Kanser “hücresel” seviyede genetik bir hastalık olmasının yanında proteomik de bir hastalıktır. Bir başka deyişle, protein yapısındaki bozulmalar önemli yolakların işlevini yitirmesine ve kanserleşmeye neden olur. Genlere göre daha fonksiyonel işlev gören proteinleri inceleyen proteomik bilimi kansere karşı etkili tedaviler geliştirilmesinde ve erken teşhisinde umut vaat etmektedir.

Son yıllarda yapılan araştırmalarda proteomik biliminin yoğunlaştığı konular şunlardır;

1. Nadir Kanser Proteinlerinin Keşfedilmesi: Kanserin geç evrede teşhis edilmesinin en önemli sebebi uygun biyolojik belirteçlerin (biomarker) keşfedilememiş olmasıdır. Proteomik bilimi kütle spektrometresi adı verilen bir sistem kullanılarak proteinleri kütlelerine göre analiz ederek tespit eder. Bu amaçla yapılan çalışmalar kansere neden olan proteinleri çok az miktarda olsa dahi tespit edebilmeye yöneliktir. Geleneksel teşhis yöntemleri ile bu nadir proteinleri erken evrede tespit edebilmek mümkün değildir.

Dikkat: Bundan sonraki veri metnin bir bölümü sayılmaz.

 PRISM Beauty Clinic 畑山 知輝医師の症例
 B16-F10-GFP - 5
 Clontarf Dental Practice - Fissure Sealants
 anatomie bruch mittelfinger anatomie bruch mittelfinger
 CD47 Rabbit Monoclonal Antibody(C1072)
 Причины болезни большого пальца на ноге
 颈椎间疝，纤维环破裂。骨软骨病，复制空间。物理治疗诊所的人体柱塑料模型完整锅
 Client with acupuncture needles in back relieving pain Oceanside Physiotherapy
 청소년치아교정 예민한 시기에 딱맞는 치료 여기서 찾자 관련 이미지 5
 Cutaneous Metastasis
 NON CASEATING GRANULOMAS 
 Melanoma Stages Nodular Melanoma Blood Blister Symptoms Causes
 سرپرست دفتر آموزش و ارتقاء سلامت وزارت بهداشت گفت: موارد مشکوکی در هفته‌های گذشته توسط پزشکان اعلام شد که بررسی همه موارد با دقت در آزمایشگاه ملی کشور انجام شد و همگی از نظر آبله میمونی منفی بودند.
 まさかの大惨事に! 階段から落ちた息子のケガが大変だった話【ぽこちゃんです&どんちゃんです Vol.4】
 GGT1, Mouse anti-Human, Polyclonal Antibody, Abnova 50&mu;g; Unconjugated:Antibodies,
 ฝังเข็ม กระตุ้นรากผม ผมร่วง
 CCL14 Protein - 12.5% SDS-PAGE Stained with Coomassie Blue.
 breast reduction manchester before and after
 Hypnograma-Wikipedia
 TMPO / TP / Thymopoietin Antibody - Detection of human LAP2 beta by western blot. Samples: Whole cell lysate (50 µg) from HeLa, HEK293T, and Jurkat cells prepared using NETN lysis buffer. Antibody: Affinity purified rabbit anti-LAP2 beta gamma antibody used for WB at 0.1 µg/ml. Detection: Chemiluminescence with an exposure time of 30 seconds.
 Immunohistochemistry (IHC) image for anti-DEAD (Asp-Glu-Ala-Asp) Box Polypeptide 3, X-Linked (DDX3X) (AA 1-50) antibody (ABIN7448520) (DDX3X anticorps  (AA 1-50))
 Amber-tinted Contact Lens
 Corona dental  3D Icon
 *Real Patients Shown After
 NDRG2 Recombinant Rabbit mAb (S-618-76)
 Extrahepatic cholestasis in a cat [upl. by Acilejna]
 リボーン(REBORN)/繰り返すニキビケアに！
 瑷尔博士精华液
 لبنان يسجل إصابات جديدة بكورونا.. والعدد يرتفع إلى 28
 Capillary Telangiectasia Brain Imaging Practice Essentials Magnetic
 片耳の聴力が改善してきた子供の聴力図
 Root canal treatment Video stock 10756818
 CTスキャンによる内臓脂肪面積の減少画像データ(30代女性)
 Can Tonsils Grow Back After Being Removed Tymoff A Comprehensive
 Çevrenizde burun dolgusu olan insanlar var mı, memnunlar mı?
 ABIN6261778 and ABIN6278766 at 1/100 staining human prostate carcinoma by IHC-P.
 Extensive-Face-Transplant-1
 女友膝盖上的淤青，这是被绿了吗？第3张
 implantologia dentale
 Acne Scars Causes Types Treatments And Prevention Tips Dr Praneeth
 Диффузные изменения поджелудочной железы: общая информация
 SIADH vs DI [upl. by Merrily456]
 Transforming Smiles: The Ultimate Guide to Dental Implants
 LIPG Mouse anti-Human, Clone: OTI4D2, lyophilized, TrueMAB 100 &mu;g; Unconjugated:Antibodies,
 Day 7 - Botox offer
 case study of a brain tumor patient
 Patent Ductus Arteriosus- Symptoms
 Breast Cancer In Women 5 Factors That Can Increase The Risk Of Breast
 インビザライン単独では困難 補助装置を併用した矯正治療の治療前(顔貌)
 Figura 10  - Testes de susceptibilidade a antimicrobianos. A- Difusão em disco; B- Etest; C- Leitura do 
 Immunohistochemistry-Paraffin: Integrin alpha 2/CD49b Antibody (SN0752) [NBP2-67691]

Bu konuda son yapılan araştırma HER2/neu proteinini kanda tespit etmeye yöneliktir. Her2/neu proteini özellikle meme kanserinde aktivitesi çok fazla olan bir büyüme faktörüdür. Bu proteini hedef alan ilaçlar tasarlanmıştır ve aktif olarak kullanılmaktadır. Aynı zamanda bu proteinin meme, yumurtalık ve pankreas tümörlerinin yüzde 30’unda aktivitesi çok fazladır. Genellikle tümör belli bir büyüme kapasitesine ulaştıktan sonra HER2/neu proteini tespit edilebilmektedir. Araştırmacılar kütle spektrometrisini kullanarak laboratuvar farelerinde kanseri “erken evrede” teşhis etmeyi başarmışlardır. Farelerde erken evrede teşhis edilen kanserler hedeflenmiş ilaçlarla tedavi edilebilir ve böylelikle tümörün gözle gürülür nüksü (tekrarı) önlenebilmiştir. Araştırmacılar yakın gelecekte insandan alınan çok az miktarda kan ile bu proteini yakalamayı amaçlamaktadırlar.

2. İnsan Proteome Projesi: Tüm genetik haritamızın çıkarılması yaklaşık olarak 12 senede tamamlandı. 22 bin gene ve 3 milyar baza sahibiz. Ancak proteinler genlerden daha kompleks bir yapıya sahip olduğu için proteinlerimizin haritasının çıkarılması uzun zaman alacaktır. İnsan vücudunda 500.000’den fazla protein türü vardır. Proteome (insandaki proteinlerin tümü) haritasının çıkarılmasına başlanmıştır. Bu projenin amacı proteinlerin hastalıklardaki rolünü ortaya çıkarmaktır. Kanser açısından projenin önemi ise kansere neden olan onko-proteinlerin keşfedilmesi ve ilaç geliştirilmesini sağlamasıdır.

3. Tümör Uykusuna Yönelik Çalışmalar: Daha önceki yazılarımızda bahsettiğimiz gibi uyuyan kanser hücreleri kanserde nüksün en önemli sebeplerinden biridir. Tümörün nasıl ve ne zaman uykuya girdiğini henüz bilmiyoruz. Ancak proteomik bilimi bu konuda gelişmelere yol açmaktadır. Örneğin, kan pulcuklarındaki (trombosit) birtakım proteinlerin uyuyan kanser hücreleriyle ilgili bilgiler verebileceği öngörülmüştür.

Sonuç olarak, proteomik bilimi kanser araştırmalarında yeni bir “yardımcı” bilim dalı olarak yer almaya başlamıştır. Yakın gelecekte proteomik bilimi sayesinde proteinlerin kanserleşmedeki rolünü daha iyi anlayıp etkili tedaviler tasarlanabilecektir. Aynı zamanda, biyopsi alınan dokunun kanser hücresi içerip içermediği “gerçek zamanlı ve hızlı” bir şekilde kütle spektrometrisi kullanılarak yapılabilecektir.